“Oh, how cute!”
That was our first impression on seeing the little piano in Linda Kaiser’s basement in Syracuse.
Then we tried to carry it up a flight of stairs.
Linda had called Great Camp Sagamore’s executive director, Emily Martz, to donate the piano that she and her husband Harvey bought at an auction on Sagamore’s Main Lodge lawn in October 1975.
The piano has only 61 keys – the standard is 88. Margaret Emerson probably bought it for her children to play at Sagamore. Her grandson, Alfred Vanderbilt III, remembers playing a piano with “a strange number of keys” when he would visit camp as a young child.
Linda’s generosity reminds us of the extraordinary confluence of institutions, individuals, and events that surrounded that fall weekend in 1975.
Sagamore’s future was imperiled just weeks before the auction. Competing interests were making deals and jostling with compromises that would ultimately save the camp.
Margaret Emerson donated Sagamore to Syracuse University in January 1954. In 1975, in the midst of a terrible economy, the university was looking to divest. S.U. and the Department of Environmental Conservation had arranged that the State would buy the 1,526-acre property. The land would become part of the NYS Forest Preserve, “forever wild” and open for all to enjoy.
But once the State acquired Sagamore for the Forest Preserve, the buildings would become legally “nonconforming.” The routine solution was called “winter burning.”
To prevent that fate, a deal was struck just prior to the October auction. The 7-acre peninsula surrounding the Main Camp lawn had been separated from the State’s purchase and sold instead to the National Humanistic Education Center, a non-profit group that provided conferences and retreats to professional educators.
The Education Center would relocate to Sagamore from its campus in the High Peaks, and would soon change its name to the Sagamore Institute of the Adirondacks. The newly formed Preservation League of NYS would provide counsel and oversight regarding the historic buildings, an arrangement that continues to this day.
The term “Great Camp” had not yet been coined. In 1975 these structures were more commonly called “white elephants” – magnificent, historically significant, yet completely untenable. The American historic preservation movement was just getting underway, inspired by the approaching Bicentennial, and the camps were starting to find advocates.
Most observers could easily imagine admiring a sunset from the Main Lodge porch while their elegant guests gathered for dinner. But very few could imagine the work and cost of maintaining such a large complex of bark-clad buildings on a remote Adirondack lakeside.

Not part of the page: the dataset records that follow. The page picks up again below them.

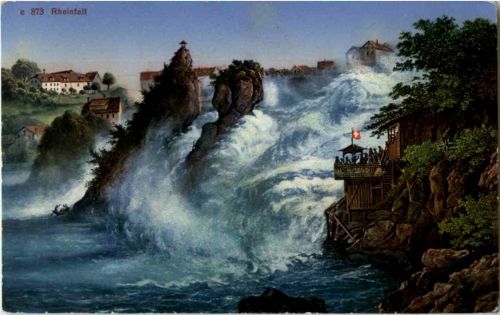 Schaffhausen - Rheinfall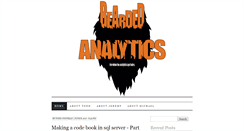 Desktop Screenshot of beardedanalytics.com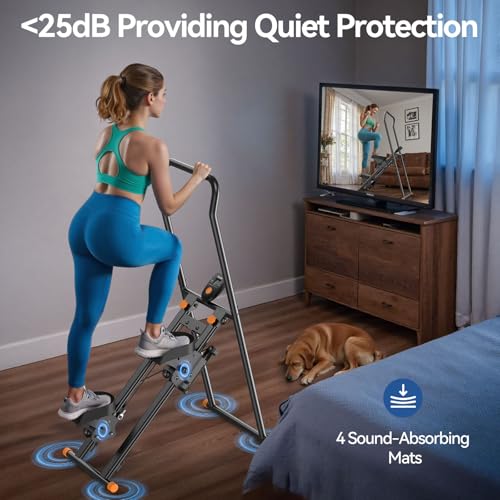 Niceday Steppers for Exercise at Home with Handlebar T93418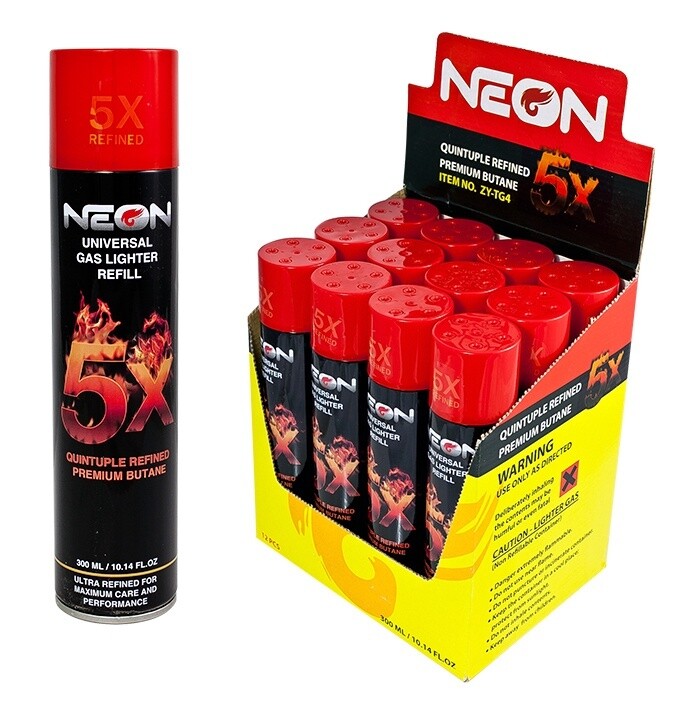 Neon 5X Butane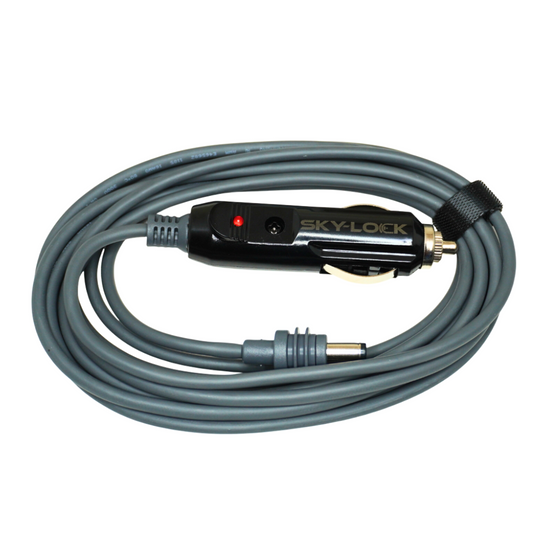 Starlink Mini 12V Cig Lighter - 16 AWG Heavy Duty Cable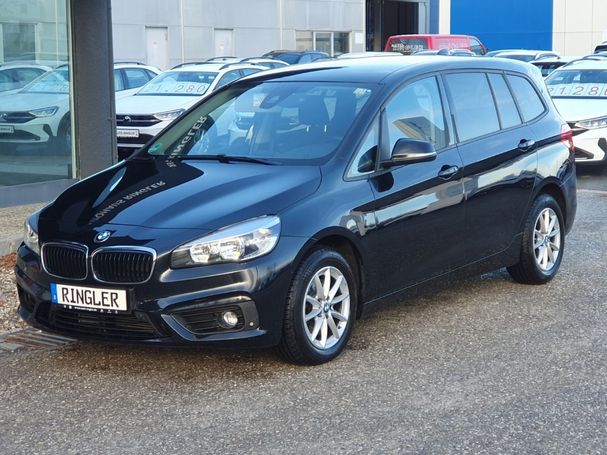 BMW 218i Gran Tourer Advantage 100 kW image number 1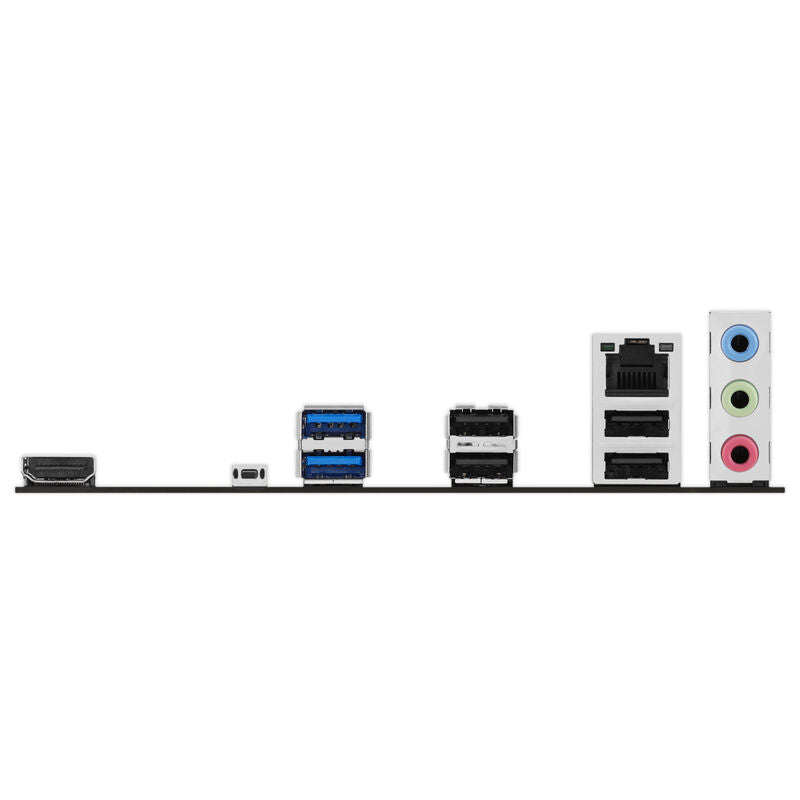 ASUS Prime B650M-R hovedkort montert i PC-kabinett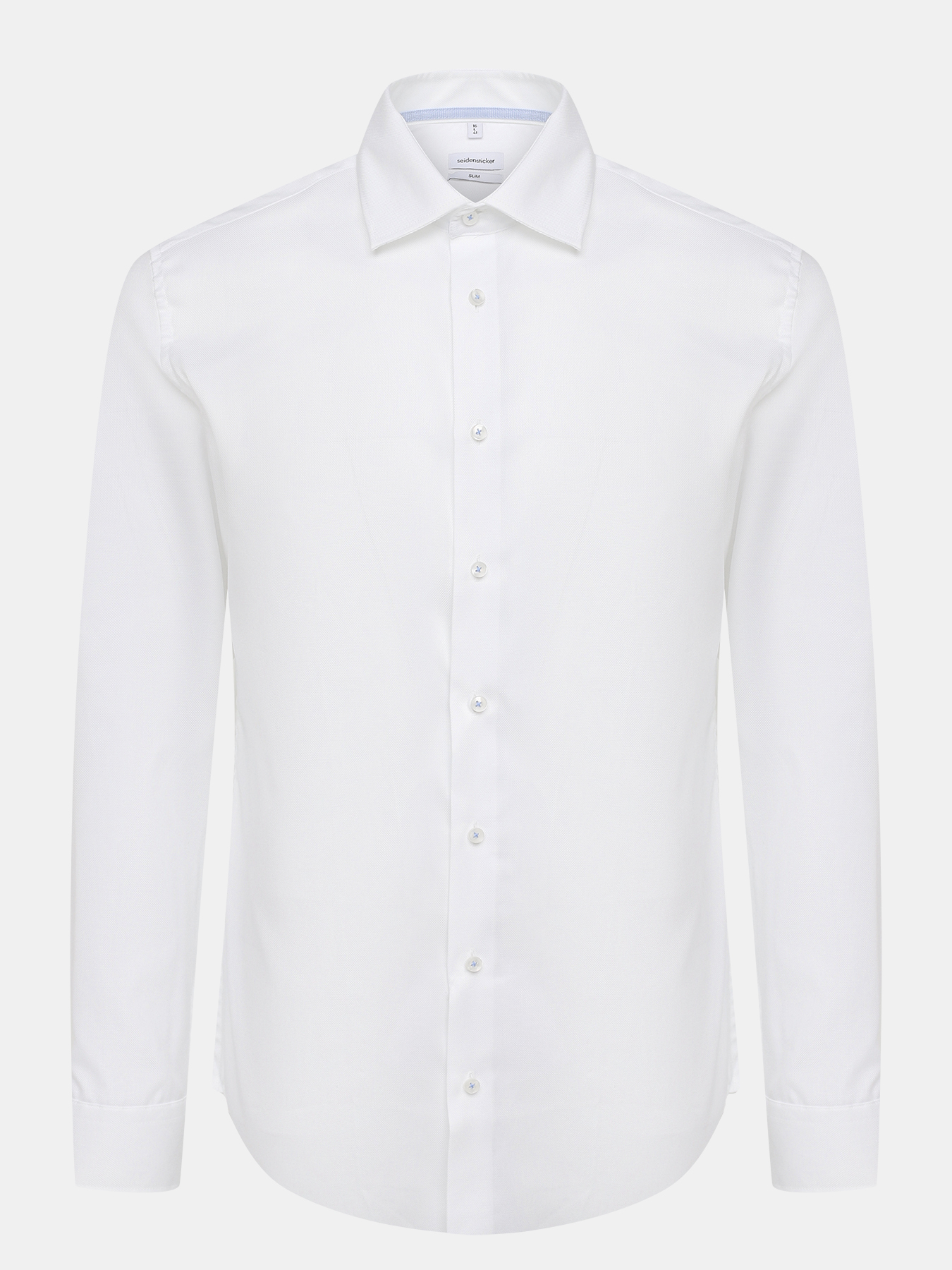 Рубашка Seidensticker 434019-021, цвет белый, размер 50 - фото 1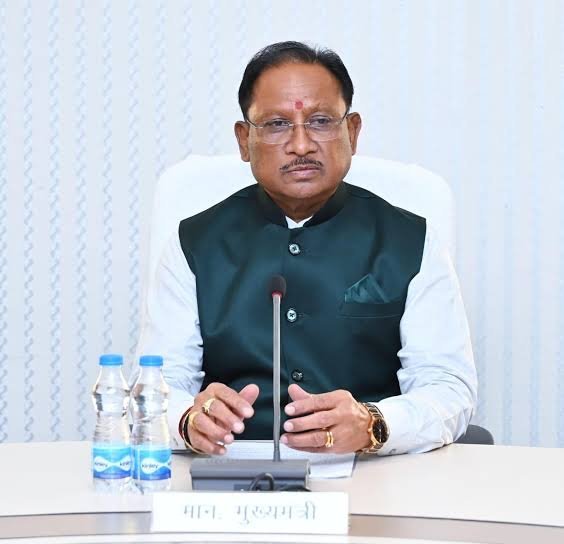 भारी बारिश पर CM विष्णुदेव साय का एक्शन: सभी जिलों में हाई अलर्ट, कलेक्टर-SP को 24×7 निगरानी के निर्देश भारी बारिश पर CM विष्णुदेव साय का एक्शन: सभी जिलों में हाई अलर्ट, कलेक्टर-SP को 24×7 निगरानी के निर्देश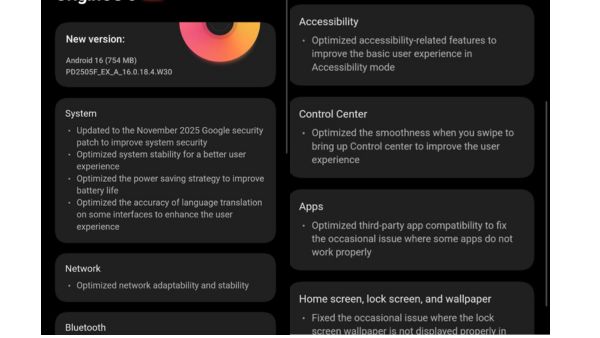 iQOO 15's First Update Just After Launch: Here's What's New iQOO 15's First Update Just After Launch: Here's What's New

At the time of the auction, the National Humanistic Education Center’s mission did not involve interpreting Sagamore as an historic site, but Barbara Glaser and Howard Kirschenbaum, the Center’s leaders, would soon begin to create that reality.
On that October weekend, Barbara and Howie raised their auction paddles as often as they could to retain the most essential historic furnishings for what had just become their organization’s new home. The fireplace hardware and log beds that Sagamore uses today not only originate from the Durant and early Vanderbilt years, but were actually manufactured by workers at the camp.
In addition to buying a lovely vintage piano for his family, Harvey Kaiser was becoming inspired by the beauty and significance of these endangered camps. Dr. Kaiser was an architecture professor at S.U. and would soon become vice president in charge of university facilities. In 1982, Kaiser published Great Camps of the Adirondacks, a book that helped place Adirondack design into the national pantheon. Dr. Kaiser died last year, just as his revised edition of Great Camps was being published.
What about the piano?
It still plays! The iron harp is embossed “Curtis Bros./New York”. (Also “Upright Grand Guaranteed for 10 Years” so, unfortunately, the century-old warranty is shot.) The case is stenciled “Jacob Doll,” a competing high-end piano manufacturer in New York. We’re trying to confirm if the two companies teamed up to make hybrid instruments. It seems to be the most plausible explanation.
The piano is the second large piece of furniture that was purchased at the auction and recently donated back to Sagamore. The first was an elaborate tiger oak roll top desk donated last fall by J.T. and Virginia Hall of Cazenovia. So Sagamore is on a roll!
Linda Kaiser, a gifted harpist and pianist, spoke of the joy the piano gave her family for 45 years. She is proud of seeing it return to Great Camp Sagamore. Due in part to her late husband’s work, nobody calls the camps “white elephants” anymore.
Now they are called “America’s treasures.” Now they are called great.
Photos: Linda Kaiser, bidding a musical farewell to the 61-key piano that she purchased at the Sagamore auction in 1975 and donated back to Great Camp Sagamore this fall.
October 1975 auction at Sagamore. Photo by Craig Gilborn. From Durant: The Fortunes and Woodland Camps of a Family in the Adirondacks, Craig Gilborn author.
Ca. 1920, 61-key, upright grand piano, back home to Sagamore and waiting for the 2021 season to start.